Nel breve servizio dell’inglese itinerante Tom Scott, la questione della Giant Mine viene analizzata nei suoi fattori principali, mostrando anche l’aspetto di una delle caverne di smaltimento successivamente all’installazione di un prototipo dell’impianto refrigerante. Il suo commento, come spesso avviene, pone in evidenza l’importanza di una pubblica responsabilità ecologica e civile.

Ma il problema principale, sia chiaro, non è neppure di natura prettamente pecuniaria. Perché nessuno sa effettivamente, se il piano ufficiale adottato dal governo canadese funzionerà. Un progetto che prevede, per la Miniera Gigante, l’installazione di un gigantesco impianto di refrigerazione, in parte di tipo convenzionale attivo ed in parte analogo a quello usato negli stadi da hockey, funzionante grazie al principio dei sifoni termici. In altre parole, una volta portata sufficientemente vicina al congelamento la maggior parte della letale polvere d’arsenico, verranno installati una quantità sufficiente di tubi verticali pieni di diossido di carbonio, una sostanza che si trova allo stato gassoso più leggero dell’aria sottoterra, mentre raffreddandosi per l’effetto della gelida atmosfera dei Territori, ridiventa liquida e cade giù. Tutto questo in un ciclo continuo ed eternamente ripetuto, in grado di garantire un sensibile abbassamento della temperatura. Se, ed è davvero un grosso “se” tutto dovesse realmente realizzarsi sulla base dei piani. E nella piena consapevolezza che qualora, nei prossimi 100, 1.000, o 1 milione di anni l’impianto dovesse subire un guasto, la polvere d’arsenico tornerà di nuovo libera di far danni. Esistono scenari ipotetici, più volte analizzati e ribaditi, in cui un’eventuale straripamento del vicino ruscello di Baker potrebbe penetrare nella miniera, trasportando il veleno fino al lago di Slave e da lì al fiume Mackenzie, il più lungo dell’intera nazione canadese. Caso in cui assai probabilmente, le vittime a lungo termine, incluse quelle affette dai tumori maligni, risulterebbero davvero ingenti. Detto ciò, tutto quello che è possibile fare al momento è continuare nell’operazione di recupero, sperando che il metodo si riveli efficiente. O che qualcuno trovi, per il bene di tutti, un’approccio tecnologico davvero risolutivo. Perché il tempo, come sua massima prerogativa, continua impietosamente a marciare verso l’ora terribile della condanna.

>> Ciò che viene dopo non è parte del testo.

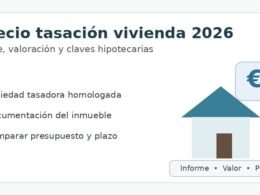 Precio de tasación de vivienda en 2026: coste, valoración y claves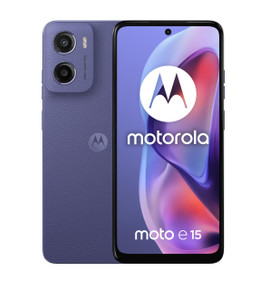 Motorola moto e15 16,9 cm (6.67") Doppia SIM Android 14 Go edition 4G USB tipo-C 2 GB 64 GB 5200 mAh Lavanda Motorola moto e15 16,9 cm (6.67") Doppia SIM Android 14 Go edition 4G USB tipo-C 2 GB 64 GB 5200 mAh Lavanda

Avidità, brama, desiderio di successo e ricchezze. Molte ingiustizie sono state commesse nel corso delle alterne vicende coloniali, per la mera acquisizione di un vasto beneficio personale. Ma ancor peggiore di esse, a pieno titolo, risultano essere quelli che definiamo coerentemente dei semplici “errori”. Poiché potrebbero costituire la fine di tutti nessuno escluso, inclusi colui o di coloro che maggiormente hanno beneficiato della propria fondamentale iniquità. Il che significa, in altri termini, che nessuno può davvero conoscere il futuro dei luoghi remoti. Neppure chi li governa. Soltanto accettarlo e sopravvivere. Oppure, suo malgrado, perire.